> _TASK DESCRIPTION_
With pictures left out, only the lines from the one containing "All Truck Products" through the end of the records should be reproduced exactly, please.

> _MATERIAL SUPPLIED_
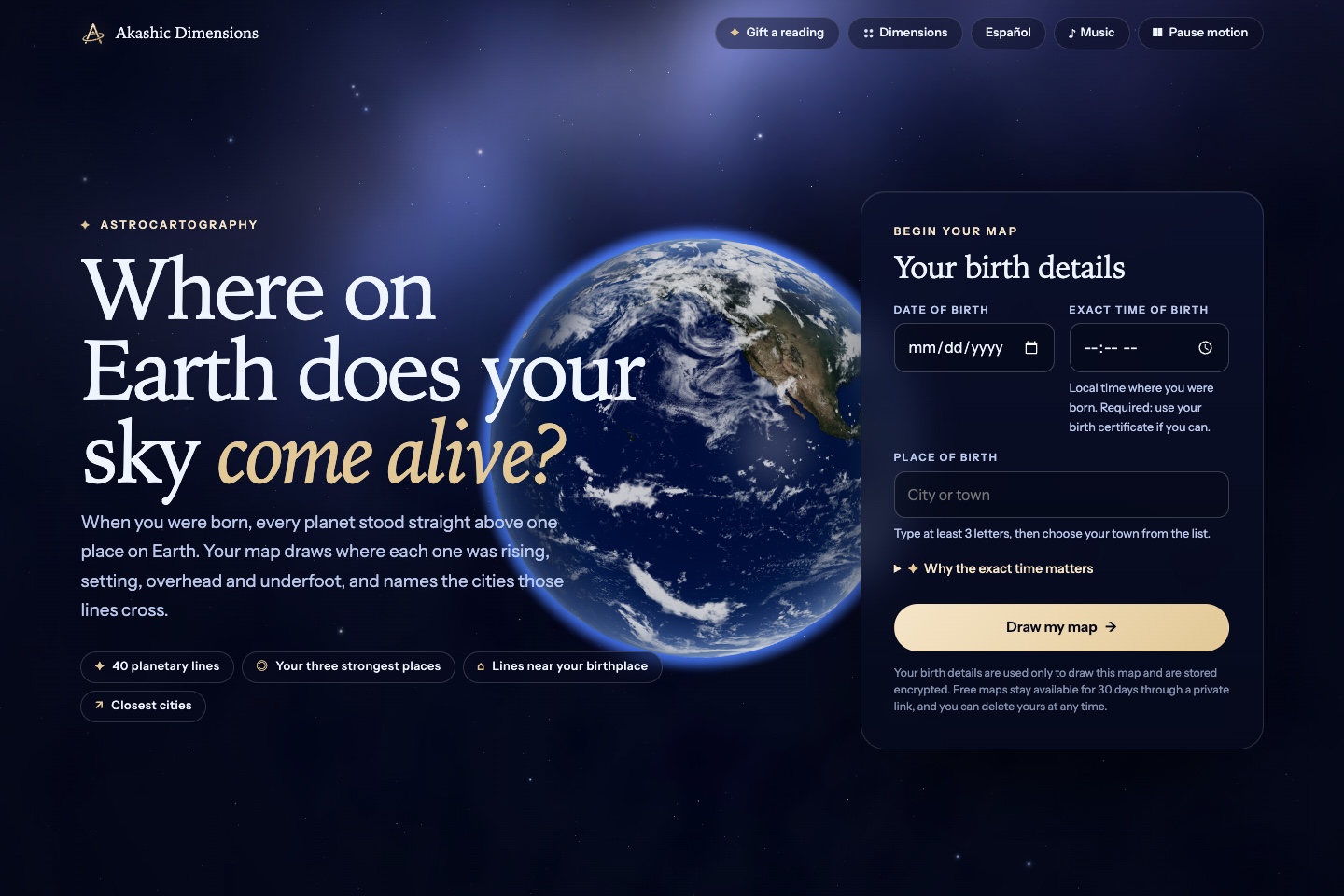 Public astrocartography landing page with a detailed Earth against a star field and an empty birth-details form.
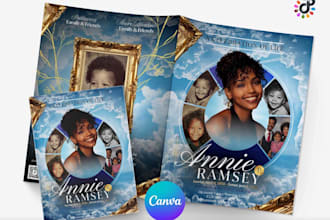 design obituary program, funeral program, funeral flyer and event flyer in 3hrs
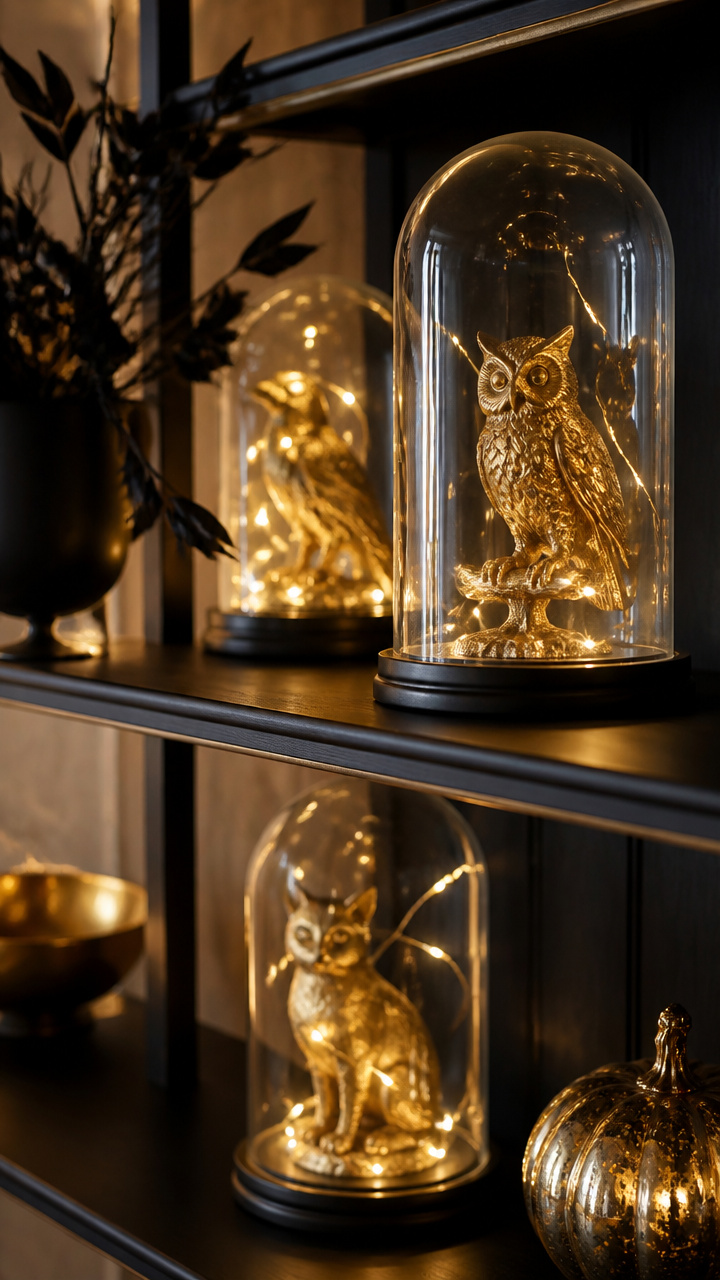 Illuminated Glass Cloches with Gold Figurines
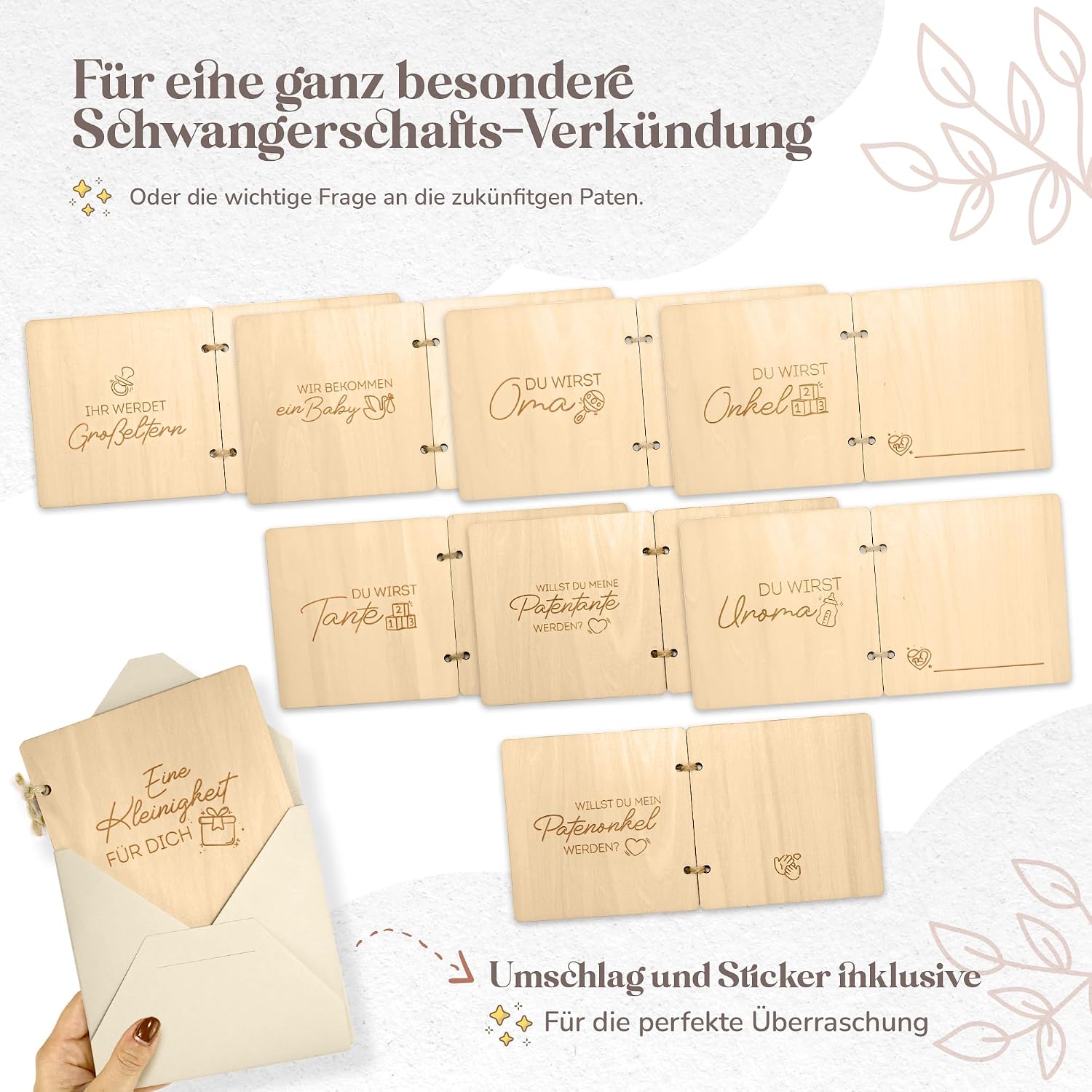 Thumbnail 6 de Patenonkel fragen Holzbuch mit Umschlag & Siegel – Hochwertiges Geschenk für die werdende Patentante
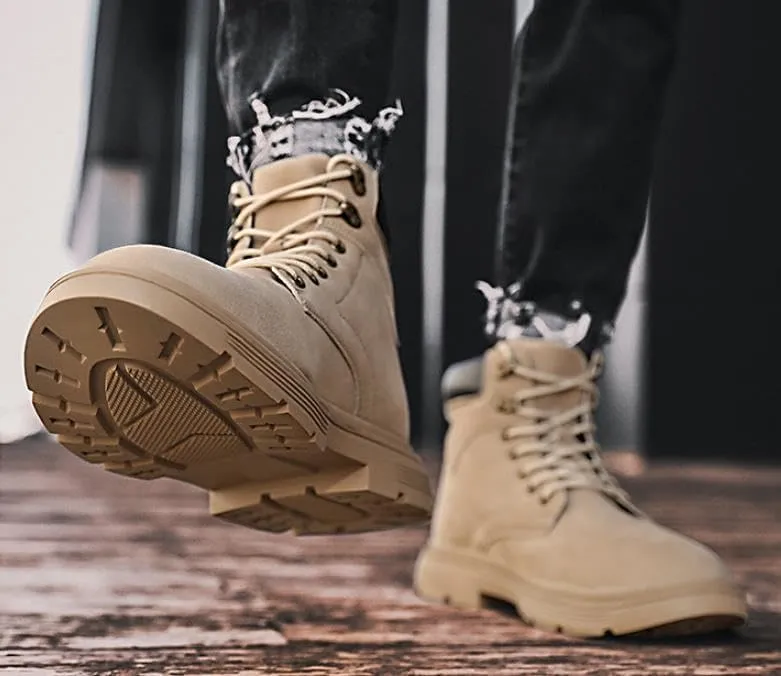Men's High Top Hiking Boots Comfy Leather Waterproof Hiking Combat Boots Lace up Low Heel Booties Ankle Boots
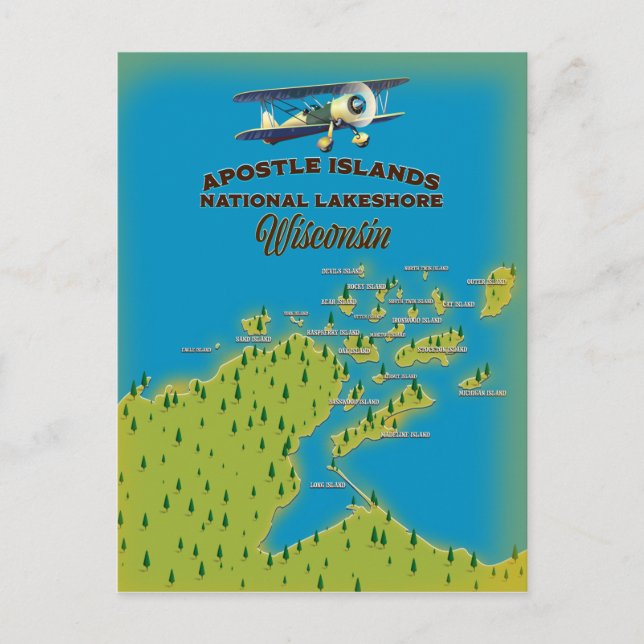 Cartão Postal Mapa nacional de Lakeshore das ilhas Apostle (Frente)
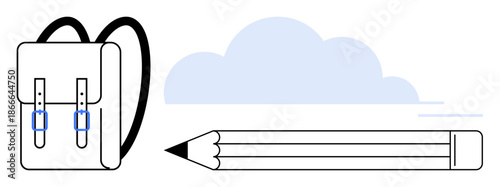 Education, creativity, school supplies, graphic design, learning concepts, organization. A backpack, pencil and a cloud in minimalist style. Education and creativity focus strongly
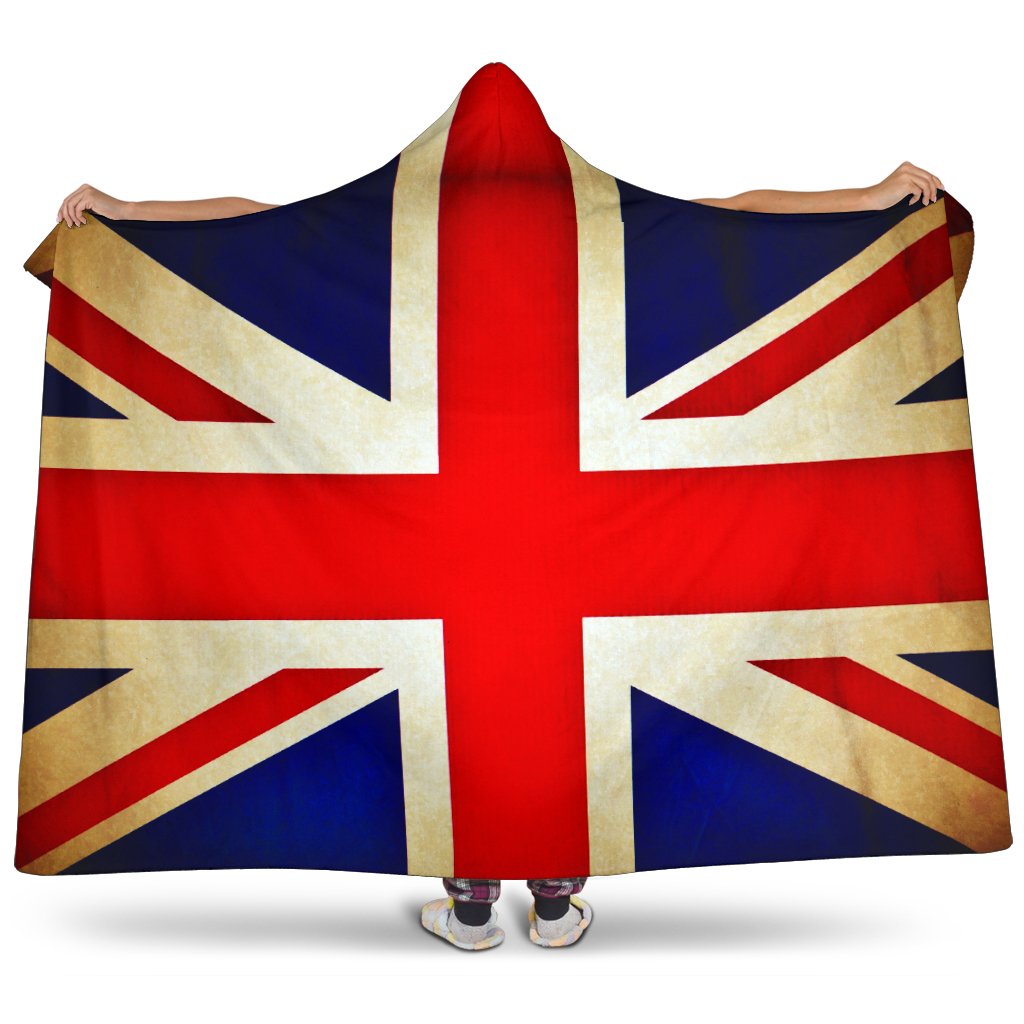 Bright Union Jack British Flag Print Hooded Blanket GearFrost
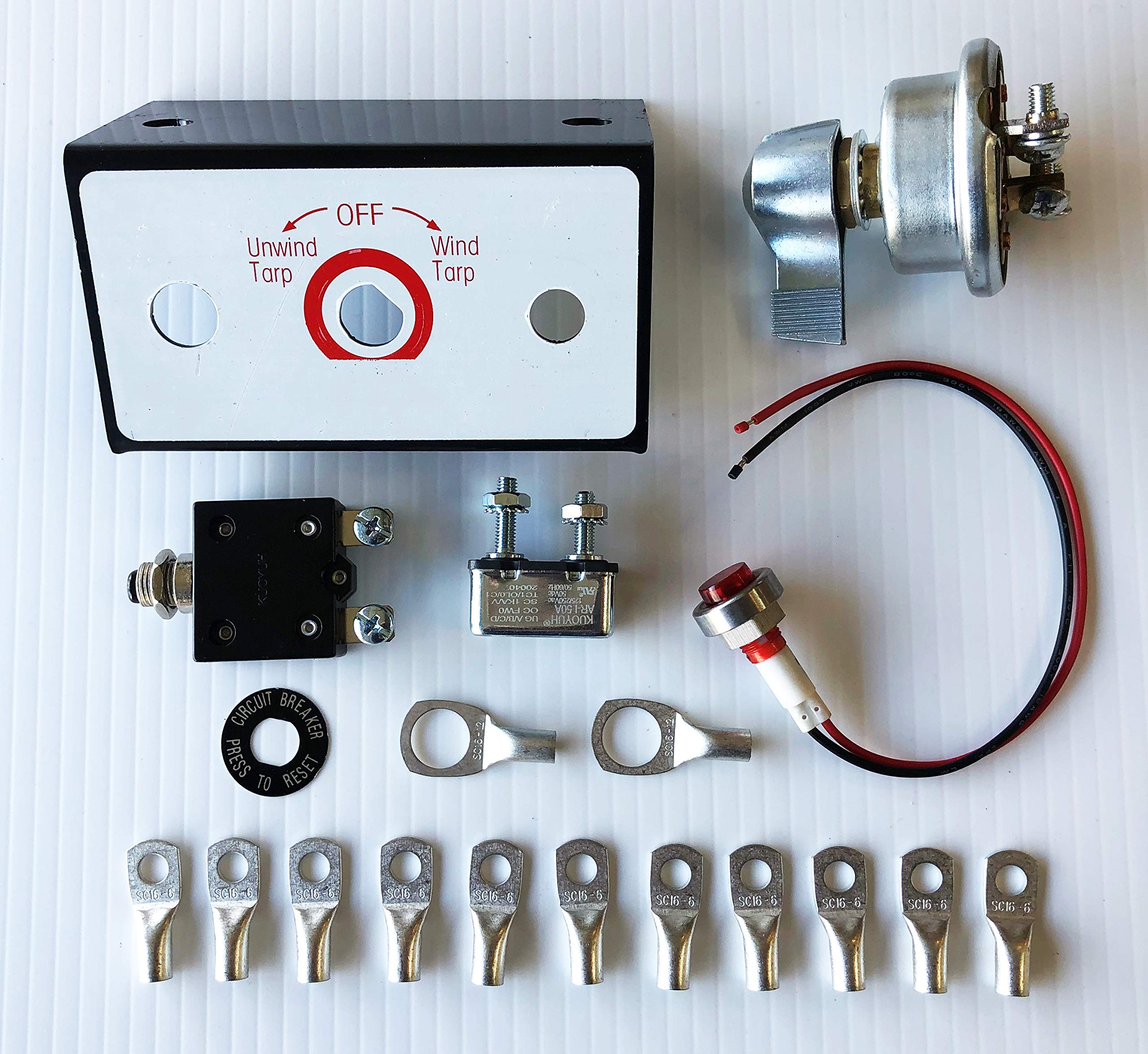 All Truck Products Tarp Motor Rotary Switch Kit W/Circuit Breaker And Indicator Light 12Vdc 50 Amps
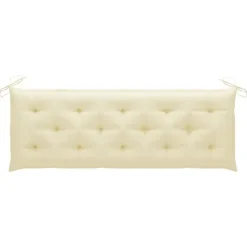 vidaXL - Tuinbank stapelbaar met crème kussen - Teakhout - 159x57.5x90 cm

> _TASK RESPONSE_
 All Truck Products Tarp Motor Rotary Switch Kit W/Circuit Breaker And Indicator Light 12Vdc 50 Amps
 vidaXL - Tuinbank stapelbaar met crème kussen - Teakhout - 159x57.5x90 cm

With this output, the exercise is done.